Problem to work on:
Your task is to retype, exactly and only, the lines from the one containing "this 700×467 image." to the final line of the entries, leaving out all pictures.

(Excerpts from a dataset)
════════════════

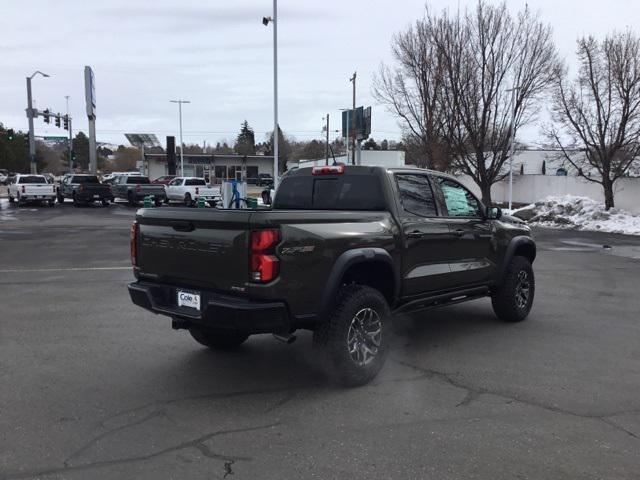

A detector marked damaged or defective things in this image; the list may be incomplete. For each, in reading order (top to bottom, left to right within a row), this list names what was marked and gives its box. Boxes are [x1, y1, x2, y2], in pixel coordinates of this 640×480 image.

crack in asphalt [392, 358, 636, 440]
crack in asphalt [1, 424, 278, 480]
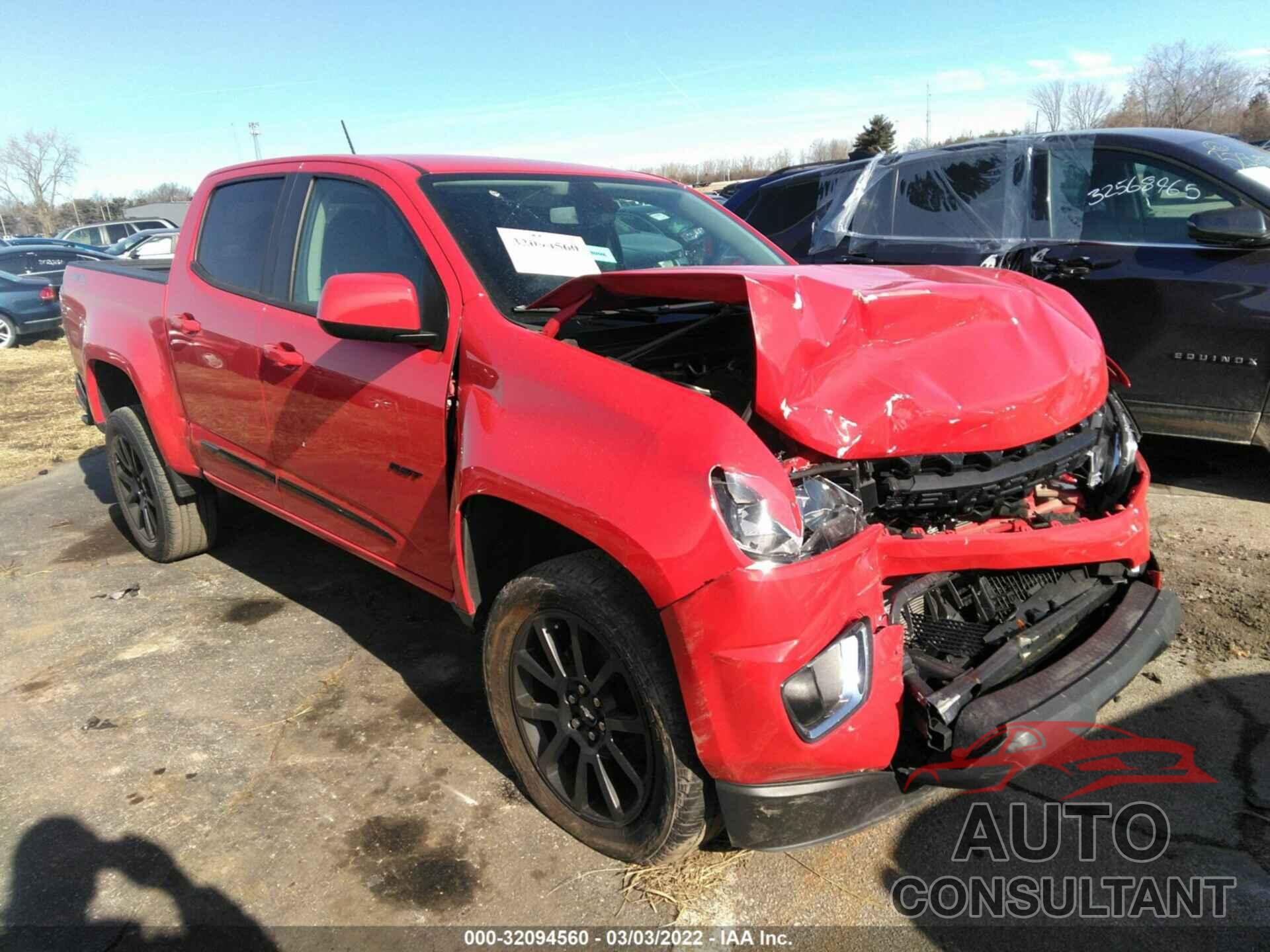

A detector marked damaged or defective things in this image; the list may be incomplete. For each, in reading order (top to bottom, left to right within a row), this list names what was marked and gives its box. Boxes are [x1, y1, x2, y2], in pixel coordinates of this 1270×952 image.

crumpled hood [532, 264, 1106, 457]
damaged headlight [709, 471, 799, 566]
damaged headlight [783, 616, 873, 746]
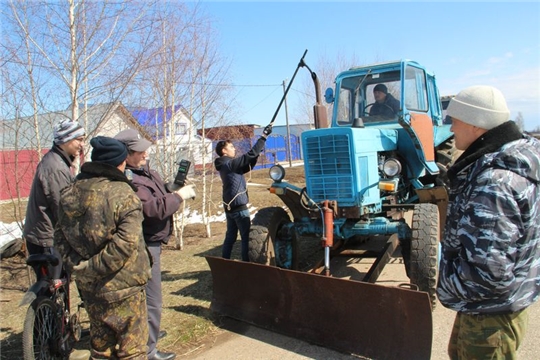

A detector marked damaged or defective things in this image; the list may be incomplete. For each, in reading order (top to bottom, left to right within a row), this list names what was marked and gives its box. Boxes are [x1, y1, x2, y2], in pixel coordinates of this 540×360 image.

rusty blade attachment [207, 256, 434, 360]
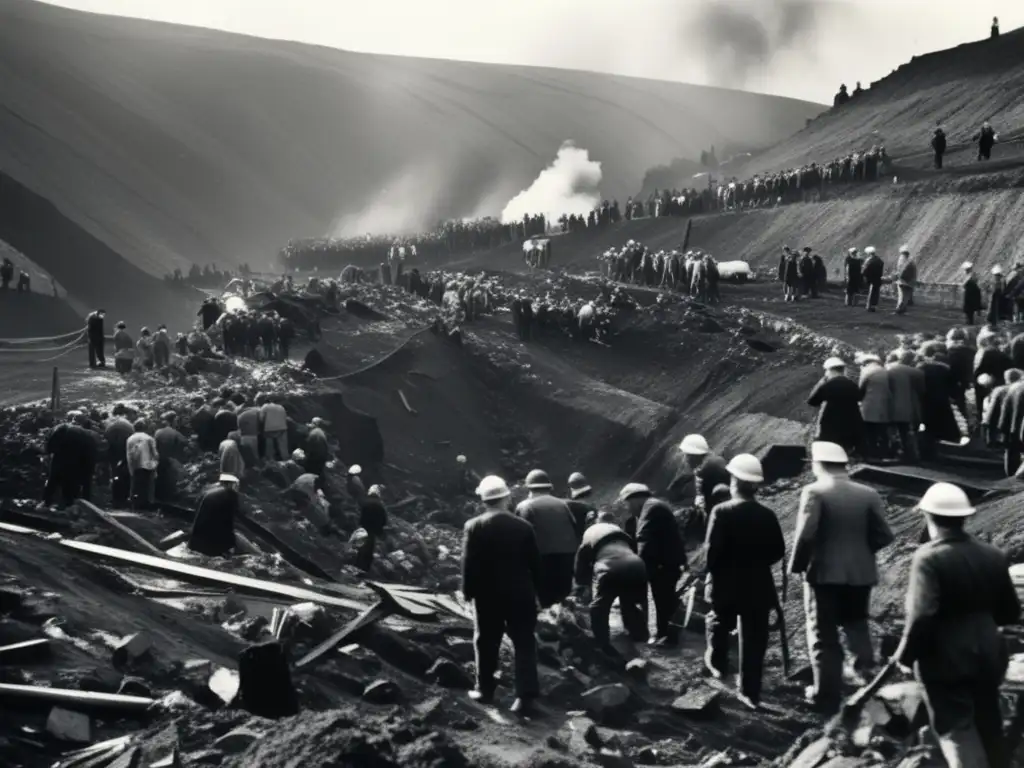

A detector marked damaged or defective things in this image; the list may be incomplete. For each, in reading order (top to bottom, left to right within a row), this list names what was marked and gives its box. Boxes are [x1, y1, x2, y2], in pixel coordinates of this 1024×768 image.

broken timber [77, 500, 164, 556]
broken timber [0, 684, 154, 712]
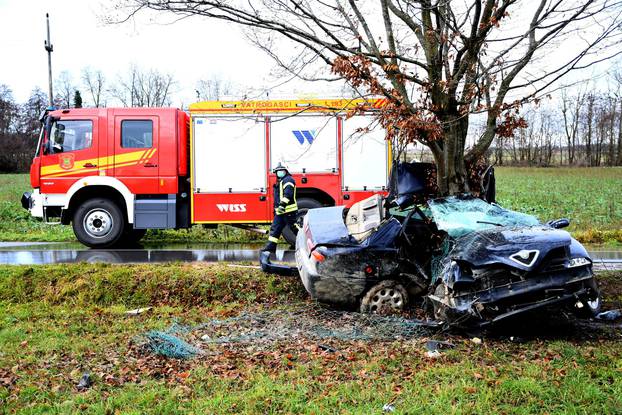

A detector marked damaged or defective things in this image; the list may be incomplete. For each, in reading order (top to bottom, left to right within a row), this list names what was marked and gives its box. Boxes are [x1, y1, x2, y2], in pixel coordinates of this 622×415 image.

shattered windshield [428, 197, 540, 239]
wrecked car [286, 161, 600, 326]
crushed car hood [450, 226, 572, 272]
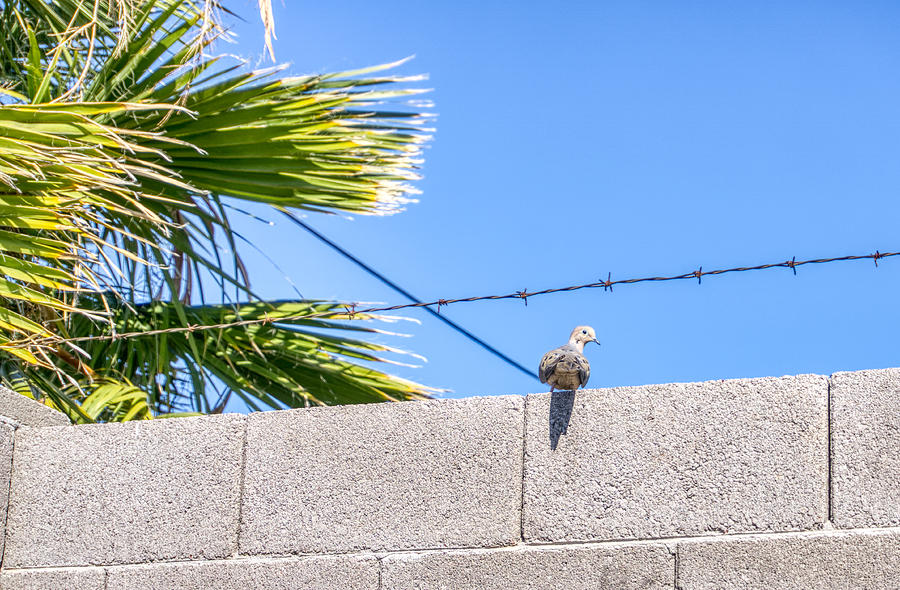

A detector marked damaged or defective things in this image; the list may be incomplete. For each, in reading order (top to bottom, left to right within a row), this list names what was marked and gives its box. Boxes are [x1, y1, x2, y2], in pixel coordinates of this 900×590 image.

rusty wire [49, 250, 900, 346]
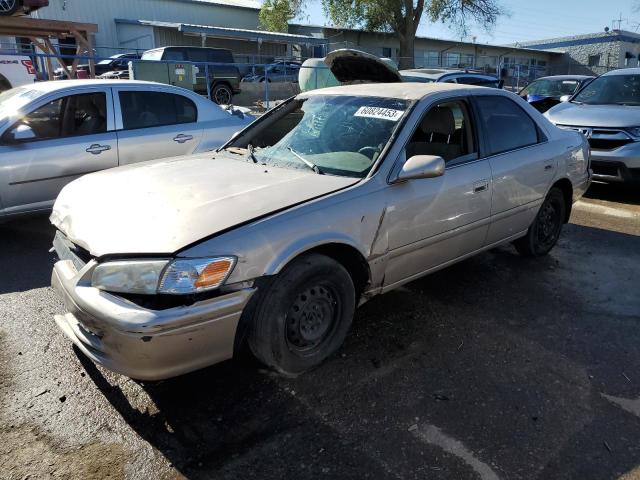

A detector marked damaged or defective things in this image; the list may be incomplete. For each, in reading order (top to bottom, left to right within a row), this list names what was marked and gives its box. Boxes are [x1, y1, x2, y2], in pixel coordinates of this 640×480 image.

crumpled hood [544, 102, 640, 127]
crumpled hood [50, 156, 358, 256]
damaged toyota camry [48, 83, 592, 382]
damaged front bumper [51, 256, 255, 380]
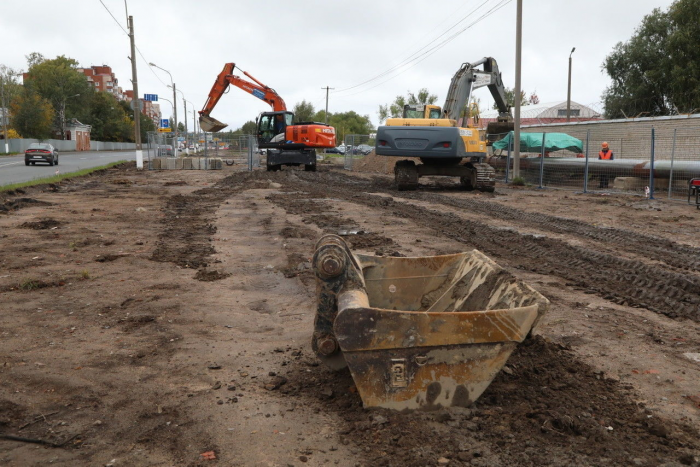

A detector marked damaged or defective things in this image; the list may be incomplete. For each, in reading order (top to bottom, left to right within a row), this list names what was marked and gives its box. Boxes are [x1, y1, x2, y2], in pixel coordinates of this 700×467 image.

rusty metal surface [310, 236, 548, 412]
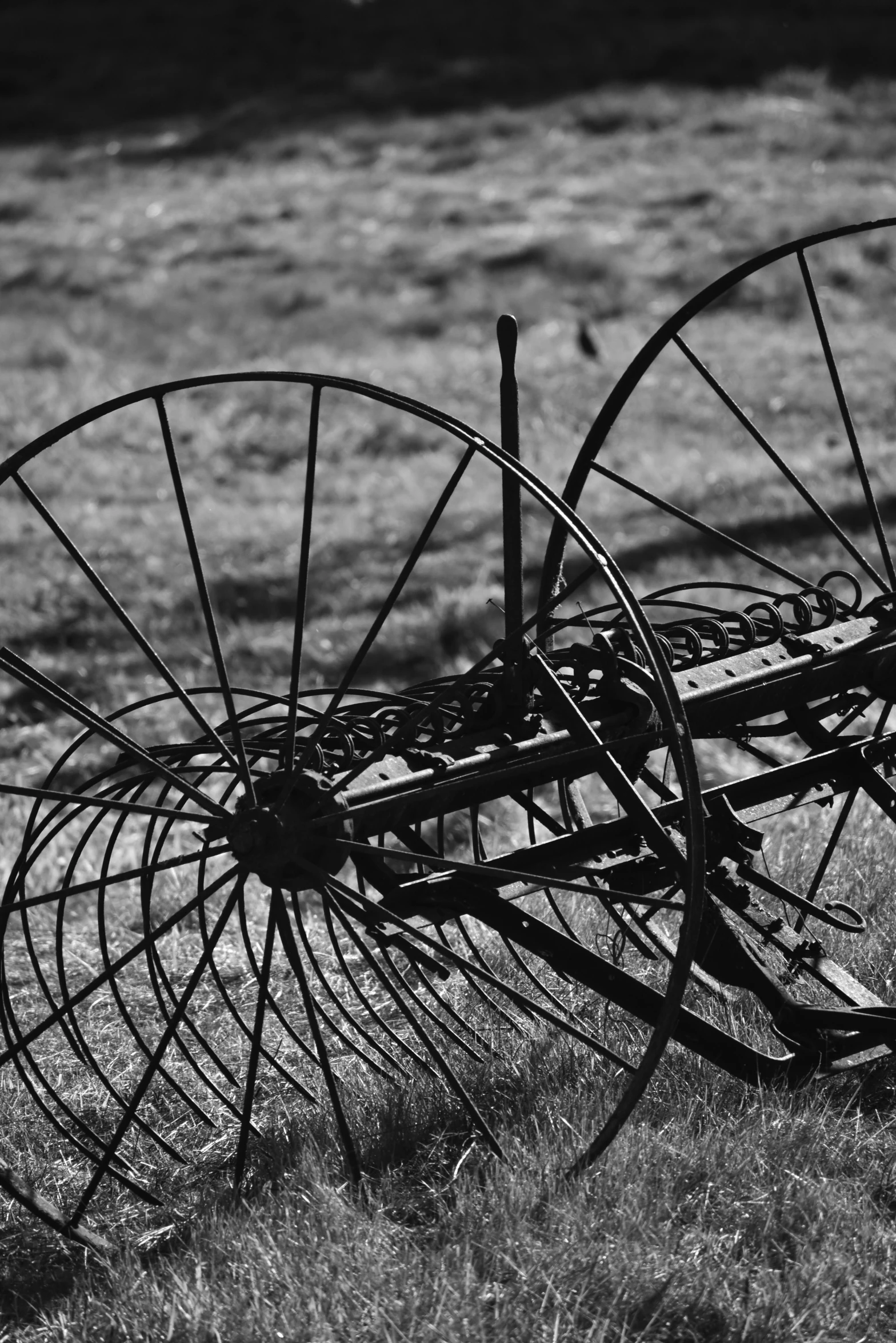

════════════════

Result below:
A detector marked damaged or defective things in this image; the list may be incomplete. For each, in reading order (top to bottom, left to right within a row), this list names what was marked and gives its box. Boxes are [x1, y1, x2, y2], in pixel coordinates of this 700×467 image.

rusty metal surface [310, 236, 548, 412]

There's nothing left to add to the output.